Em Corumbá, Genoíno fala sobre política e escândalos

O deputado federal pelo PT de São Paulo e ex-presidente nacional do Partido dos Trabalhadores, José Genoíno, passou quatro dias em Corumbá para apresentar o Pantanal ao genro espanhol.


O parlamentar aproveitou para conhecer a cidade e prestigiou alguns eventos da quarta edição do Festival América do Sul. Antes de voltar para São Paulo, Genoíno concedeu entrevista exclusiva ao Diário Corumbaense, na qual avaliou as conquistas do Governo Lula; os avanços em relação à administração do ex-presidente Fernando Henrique Cardoso; sua relação com o ex-governador Zeca do PT e integração sul-americana. José Genoíno ainda comentou o envolvimento de seu nome no escândalo dos dólares na cueca. 
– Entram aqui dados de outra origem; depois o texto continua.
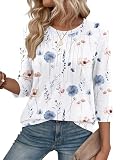 Zeagoo Summer Tops for Women 3/4 Sleeve Tunic Top Dressy Casual Floral Print Shirts Crew Neck Pleated Blouses Going Out Outfits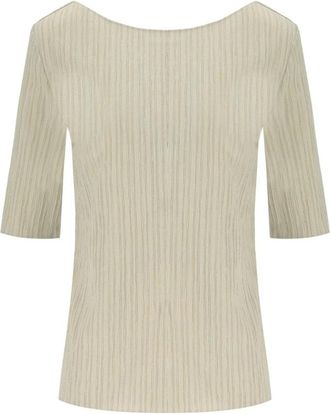 Max Mara Gekreukelde Caraibi Blouse in Beige - Dames - Blouses - Beige - S - Katoen - Overhemden
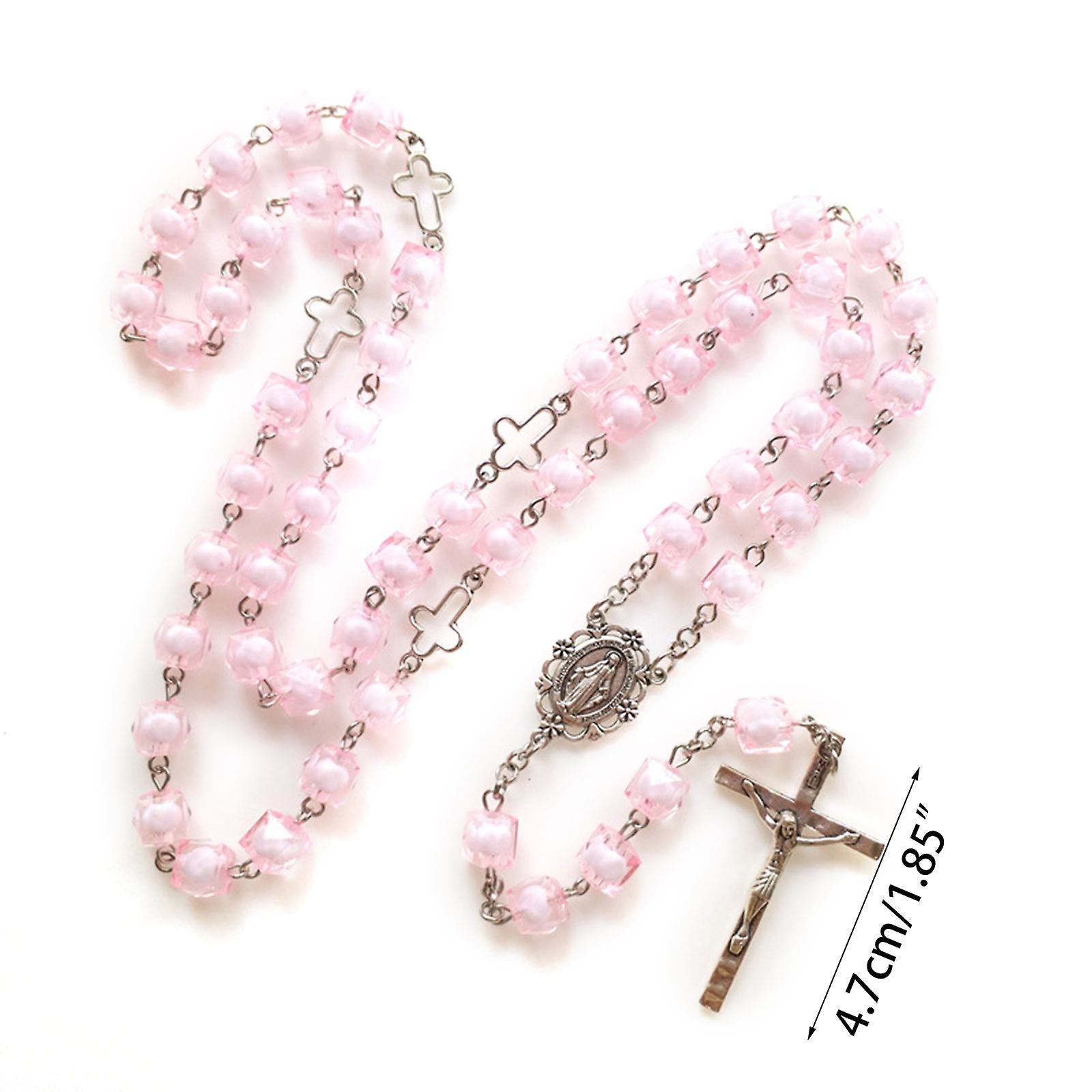 christiandiscipleshop Miraculous Medal & Crucifix of 8 mm Square Pink Acrylic Alloy Chain Rosary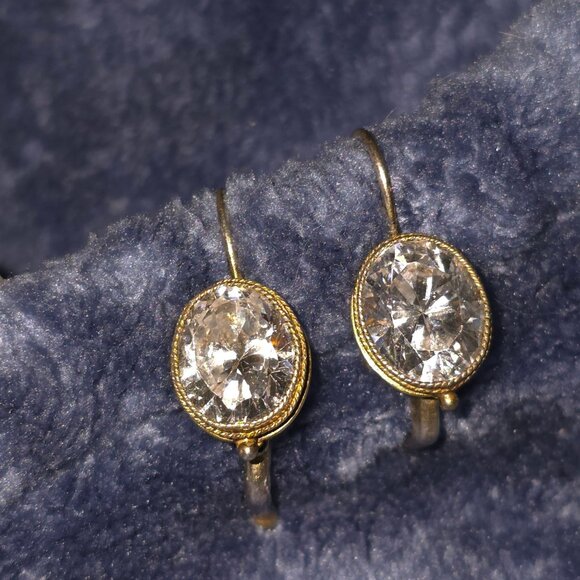 Gold-Tone 925 Sterling Silver Oval Crystal Dangle Earrings Lever back - Picture 3 of 11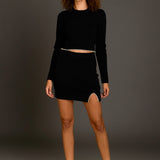 Pearl Accent Mock Neck Top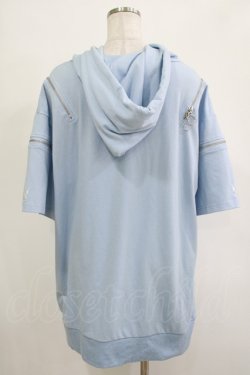 画像3: LISTEN FLAVOR / ミステリーキャットジップデザインパーカー  ライトブルー H-25-11-07-040-PU-TO-KB-ZH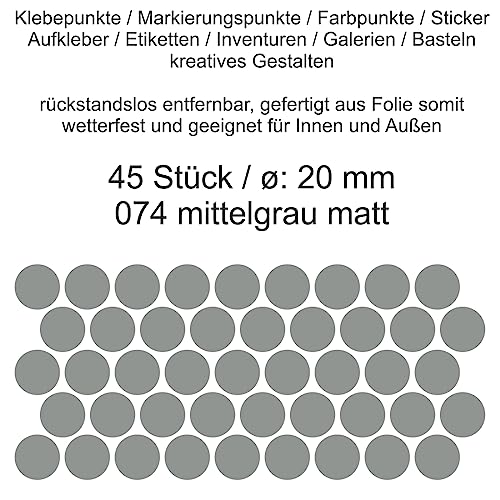 Aufkleber Etiketten Klebepunkte aus Folie 45 Stück grau mittelgrau matt rund 20 mm selbstklebend farbig wetterfest Decal Markierungen Organisieren DIY basteln verzieren Modellbau Scrapbooking von Generisch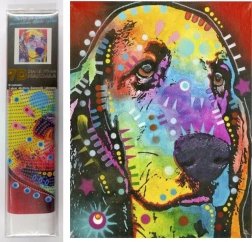 Pittura diamantata 7D – sguardo del cane 30 × 40 cm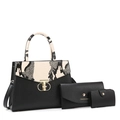 Black faux leather handbag 3-piece set with snakeskin texture top handle and gold hardware - Black with Snake Pattern Bag Set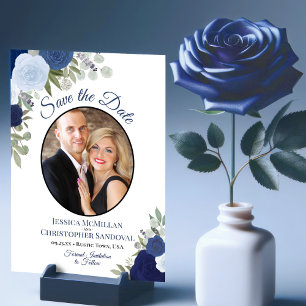 Reserva La Fecha Elegante Boda de Moda de Boho floral azul de la Ma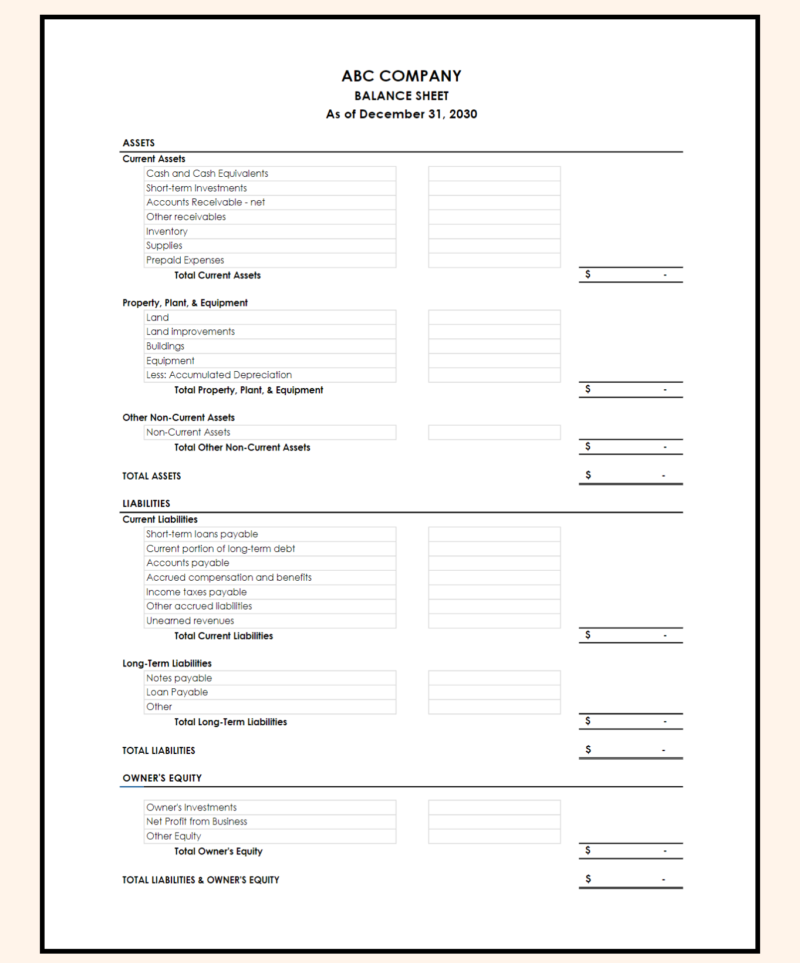 55 A blank balance sheet template.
Qual o motivo da visita a Corumbá?


José Genoíno: A visita ao Pantanal foi uma visita familiar. Eu vim com minha filha que mora em Sevilha, com minha primeira neta, de oito meses, e o marido dela, que é espanhol e queria conhecer o Pantanal, mais minha mulher e meu filho. Eu tinha passado em Corumbá em 1998, na época da primeira campanha do Zeca e fiquei uma noite só e viajei de manhã. Portanto eu não conheci bem nem Corumbá e nem o Pantanal e eu tinha um interesse muito grande em conhecer, porque é uma região que a gente sabe da simbologia, conhece a fama, os mistérios, mas não conhece o concreto. Eu achei a região impressionante. Fiquei impressionado com a cidade, com essa identidade do Festival América do Sul, uma identidade cultural e política muito forte, que está no centro da América do Sul. Eu participei de duas noites, visitei as bancas, barracas, assisti show na praça, visitei alguns lugares como a Casa do Artesão. Fiquei apaixonado por Corumbá. Foram dias maravilhosos e fiquei possuído sentimentalmente por essa cidade e essa região. Vou voltar logo aqui.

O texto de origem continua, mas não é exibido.